CCNT : la danse en partage
Publié le 10-05-2017 08:11:18 Modifié le 05-04-2019 16:39:46
Depuis le mois d’octobre à Tours, 17 danseurs amateurs créent une oeuvre collective. Une aventure artistique et humaine encadrée par la chorégraphe Claire Haenni.
D’un pas tranquille, une femme s’avance sur scène en chantonnant. Rejointe par une autre, puis encore une autre… Bientôt, seize danseurs forment un cercle au milieu de la scène. En son centre, un tas de vêtements jonche le sol. Les artistes y puisent tantôt une jupe grise, tantôt une tunique verte. Se déshabillent, se rhabillent, puis se dévêtissent à nouveau, tout en chantant en chœur. Soudain, un grondement de tonnerre retentit. Changement d’ambiance. Musique dramatique. Une femme tombe à terre. D’autres courent, affolées. Même les vêtements, lancés tels des projectiles, deviennent menaçants. C’est la guerre. Puis le silence, sombre et lourd de sens.

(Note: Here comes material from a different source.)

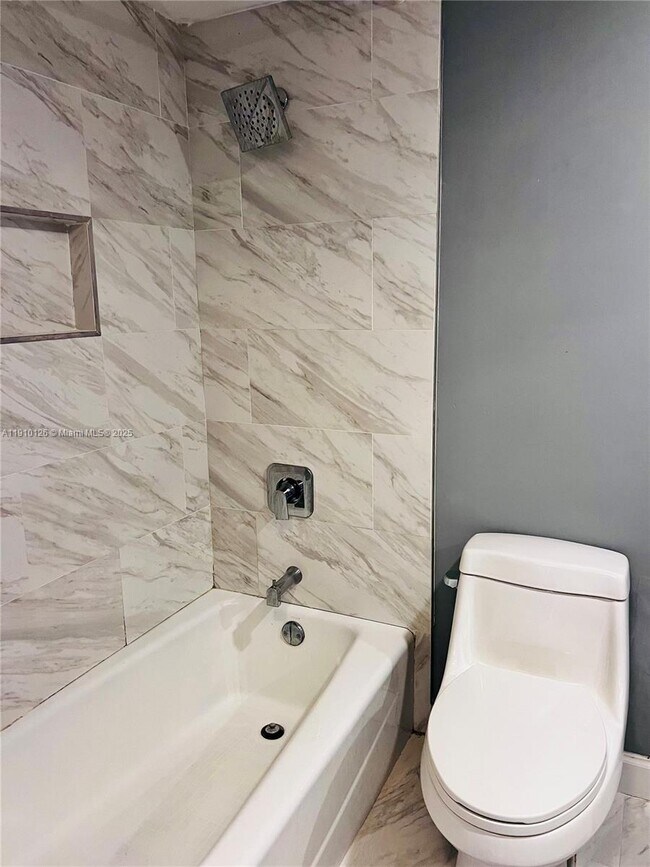 Building Photo - 1050 SE 15th St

Ce samedi-là au Centre chorégraphique national de Tours (CCNT), les danseurs de l’atelier chorégraphique filent leur spectacle. Dans un mois, ce sera la grande première. Ils sont 17 amateurs, 15 femmes et 2 hommes, à vivre une expérience unique en son genre : participer à une création collective avec un chorégraphe professionnel. « Une aventure à la fois humaine et artistique, qui les propulse dans l’univers d’une compagnie.
Ils vivent un processus riche de joies, de doutes et de pleurs », rapporte Emmanuelle Gorda, l’assistante. Le stage, renouvelé chaque année depuis l’arrivée en 2012 de Thomas Lebrun à la tête du CCNT, a été successivement dirigé par Christian Ubl, Odile Azagury, Thomas Lebrun lui-même, puis Pascale Houbin. Cette année, Claire Haenni s’est lancée dans l’aventure. Sa volonté : transmettre l’héritage du chorégraphe Jacques Patarozzi, « un maître un peu oublié », dont elle a longtemps été l’une des interprètes et qui a marqué sa carrière : « J’ai suivi ses cours pendant 20 ans et passé 15 ans dans sa compagnie. C’est un pédagogue extraordinaire, qui a trouvé comment faire exprimer une danse à la fois théâtrale et lyrique. »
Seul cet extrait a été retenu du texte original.